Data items
BEGIN

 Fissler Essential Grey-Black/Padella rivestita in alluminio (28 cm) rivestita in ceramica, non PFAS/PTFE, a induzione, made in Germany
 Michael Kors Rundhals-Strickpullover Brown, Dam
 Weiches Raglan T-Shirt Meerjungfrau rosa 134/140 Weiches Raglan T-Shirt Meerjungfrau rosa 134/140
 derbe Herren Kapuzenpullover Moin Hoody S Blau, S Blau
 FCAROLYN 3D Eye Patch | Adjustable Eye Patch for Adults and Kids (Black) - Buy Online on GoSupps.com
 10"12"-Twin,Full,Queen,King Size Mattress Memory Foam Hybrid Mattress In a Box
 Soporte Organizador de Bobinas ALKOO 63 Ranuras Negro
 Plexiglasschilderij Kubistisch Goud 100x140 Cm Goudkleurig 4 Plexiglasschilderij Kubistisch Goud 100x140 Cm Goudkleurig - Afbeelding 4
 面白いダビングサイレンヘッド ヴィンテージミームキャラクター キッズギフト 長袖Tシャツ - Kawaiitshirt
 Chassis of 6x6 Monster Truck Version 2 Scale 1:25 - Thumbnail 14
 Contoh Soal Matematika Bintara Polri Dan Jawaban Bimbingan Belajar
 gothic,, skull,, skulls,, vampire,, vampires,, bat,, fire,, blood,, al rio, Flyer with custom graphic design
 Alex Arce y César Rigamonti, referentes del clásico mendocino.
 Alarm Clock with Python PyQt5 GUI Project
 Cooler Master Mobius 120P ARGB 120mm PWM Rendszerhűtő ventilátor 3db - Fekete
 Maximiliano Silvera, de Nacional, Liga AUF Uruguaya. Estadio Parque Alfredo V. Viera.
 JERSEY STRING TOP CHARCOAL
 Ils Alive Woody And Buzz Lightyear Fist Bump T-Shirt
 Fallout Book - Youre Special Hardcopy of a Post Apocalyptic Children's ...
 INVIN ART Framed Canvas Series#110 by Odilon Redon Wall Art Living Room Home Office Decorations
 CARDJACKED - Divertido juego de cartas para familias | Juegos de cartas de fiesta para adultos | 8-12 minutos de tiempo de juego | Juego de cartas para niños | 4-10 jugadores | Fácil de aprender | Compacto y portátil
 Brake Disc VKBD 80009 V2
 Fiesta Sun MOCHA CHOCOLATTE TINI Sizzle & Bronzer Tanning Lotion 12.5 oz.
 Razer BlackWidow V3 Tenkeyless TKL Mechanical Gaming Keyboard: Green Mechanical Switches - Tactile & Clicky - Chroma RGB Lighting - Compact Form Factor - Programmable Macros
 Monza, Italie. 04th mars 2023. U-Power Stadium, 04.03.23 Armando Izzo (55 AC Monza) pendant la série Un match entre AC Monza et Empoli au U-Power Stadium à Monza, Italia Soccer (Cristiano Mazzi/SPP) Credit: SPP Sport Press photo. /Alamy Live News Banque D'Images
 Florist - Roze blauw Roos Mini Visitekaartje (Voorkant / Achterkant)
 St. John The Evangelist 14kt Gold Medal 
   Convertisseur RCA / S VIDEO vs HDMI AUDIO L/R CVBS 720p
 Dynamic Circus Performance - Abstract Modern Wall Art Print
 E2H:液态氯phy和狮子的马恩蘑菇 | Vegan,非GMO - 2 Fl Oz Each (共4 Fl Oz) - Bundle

END

> **Problem description**
Each line in the records that carries "Wall" must be copied out.

> **Exercise answer**
 INVIN ART Framed Canvas Series#110 by Odilon Redon Wall Art Living Room Home Office Decorations
 Dynamic Circus Performance - Abstract Modern Wall Art Print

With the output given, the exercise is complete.